HITTY Her First Hundred Years

Week of August 16, 2010

 

LAST REMARKS:

Chapter 17 ends with Hitty having been purchased at auction in Maine by the Old Gentleman. She has traveled to New York to an Antique Shop on Eighth Street “again”.
(This must be fairly close to her previous home with the Van Rensselaer family on Washington Square. Hitty tells us about Isabella Van Rensselaer leaving her home on New Year’s to visit a friend in the “wilds of Twenty-third Street.” They made it beyond Sixteenth Street before being accosted by thugs. Hitty also mentions the merchants were located on Fourteenth Street.)

Hitty was purchased by the Old Gentleman for Miss Hunter, owner of the antique shop. She was very happy with the purchase. Hitty saw the gentleman many more times. He obviously became very attached to Hitty because on his buying trips, he would always bring back a small gift for her. Sometimes, to play a trick on the Old Gentleman, Miss Hunter would hide Hitty and tell him that she has been sold. She has a high price on Hitty so one has to assume that she really doesn’t want to sell her. Maybe Miss Hunter is in love with the old man and as Hitty is very special to both of them she will never sell Hitty.

If Hitty were sold at auction for $51.00, one can only wonder at how much of a price Miss Hunter put on her at the antique shop!  Maybe she truly hoped Hitty would not sell.

Hitty makes many friends of the customers. They all come by to see her. Each customer coming into the shop fills Hitty with interest and suspense for “who knows but this may be the one fated to carry me away to further adventures.” Hitty is apparently ready to move on and discover new things. She is so excited about the noise of an airplane that she falls off her bench to see just what it is. Imagine her surprise.

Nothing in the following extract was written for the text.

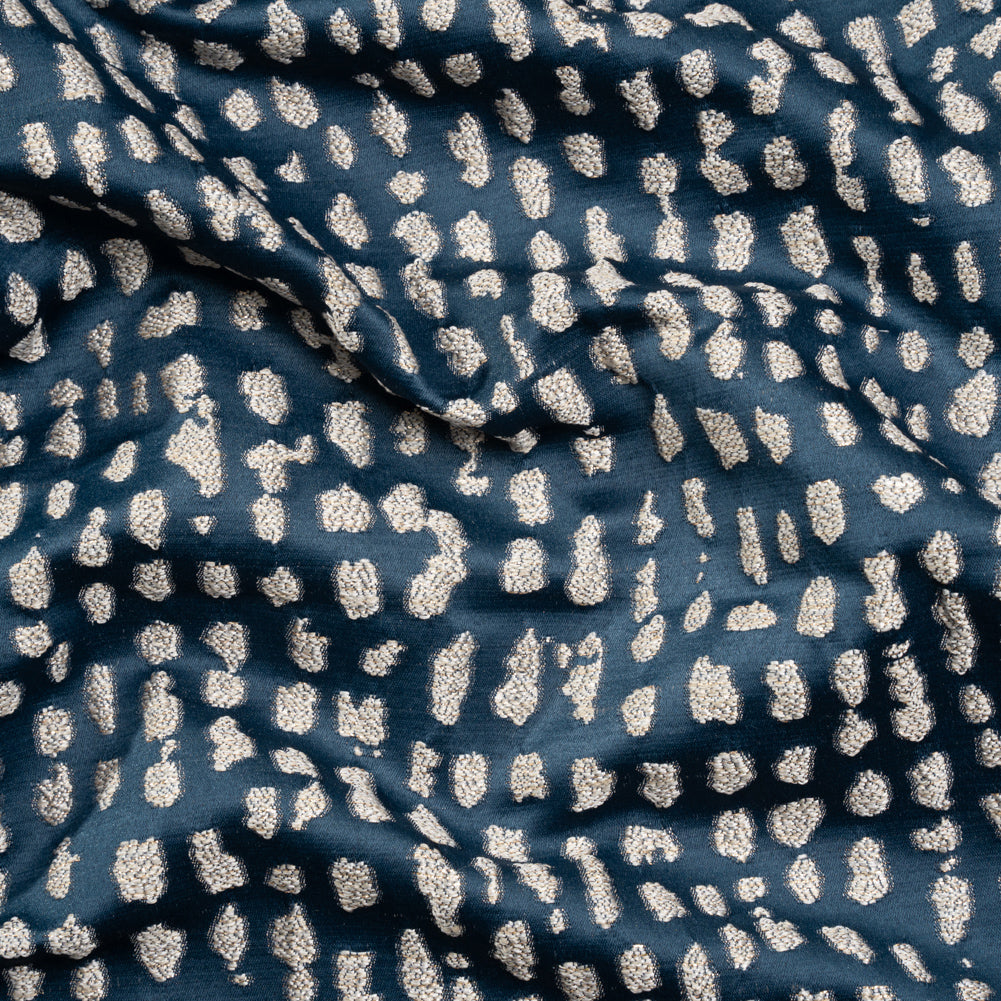 Metallic Drapery Jacquard - Ink Spotted Abstract - British Imported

This story definitely needs to continue on. We can’t leave Hitty in the Antique Shop forever!!

From Hitty Timeline:

We can't know how long Hitty spent in the Antique Shop, nor how long it took her to write her memoirs. But I do believe, from casual remarks dropped about her being over one hundred years old, that it was probably 1929, and that Hitty was probably made anytime in the winters of 1820-1828. This is, of course, merely my opinion.